Performance of a Future Spaceborne Water Vapour Lidar

Abstract

Water vapor arguably lies at the heart of most key atmospheric processes. Humidity is essential for the development of severe weather, it influences, directly and indirectly through cloud formation, the planetary radiative balance, and it influences atmospheric dynamics, surface fluxes and soil moisture. Water vapor is the only radiatively important atmospheric constituent that is short‐lived and abundant enough so as to be essentially under natural control. Yet this control endows it with a strong positive feedback on climate changes driven by other influences. The latent heat of water vapor also accounts for roughly half the pole-ward, and most of the upward, heat transport within the atmosphere. Finally, water vapor dominates the net radiative cooling of the troposphere which drives convection. Despite its central importance, research to date has not led to a universally accepted picture of the factors controlling water vapor amount, a solid understanding of the mechanisms by which it influences atmospheric processes, or even precise knowledge of its concentrations in many parts of the atmosphere (Sherwood et al., Rev.
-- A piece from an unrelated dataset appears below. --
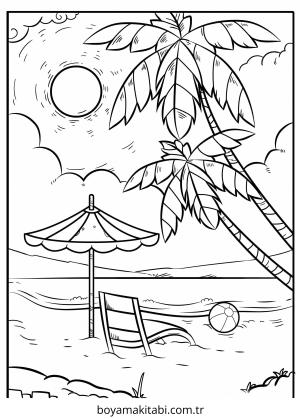 Plaj boyama sayfası – evde etkinlik, ücretsiz yazdır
Geophys. 2010). Recent advances in laser technology will enable the implementation of differential absorption lidar onboard a satellite to globally observe water vapour. In contrast to passive sounders that typically suffer from coarse vertical resolution and unknown aerosol or cloud biases, active lidar remote sensing is calibration-free and its measurement uncertainties can be precisely quantified and traded-off by adapting the spatial resolution to the particular atmospheric context and to the user needs. Results from a performance study will be presented, showing that a four-wavelength lidar, in operation as an airborne demonstrator at DLR since 2007 (Wirth et al., Appl. Phys. B 2009), will, installed onboard a low-earth orbit platform (500 km), enable water vapour profiling up to a height of 16 km in tropical, mid-latitude and arctic climates, with 1 km vertical and 100 km horizontal resolution, and less than 10 % measurement uncertainty. Spin-off products would be observations of aerosol layers and thin clouds. The instrument will measure both through optically thin clouds and above thick clouds without significant reduction in data quality. It would represent a major step forward in global humidity profiling.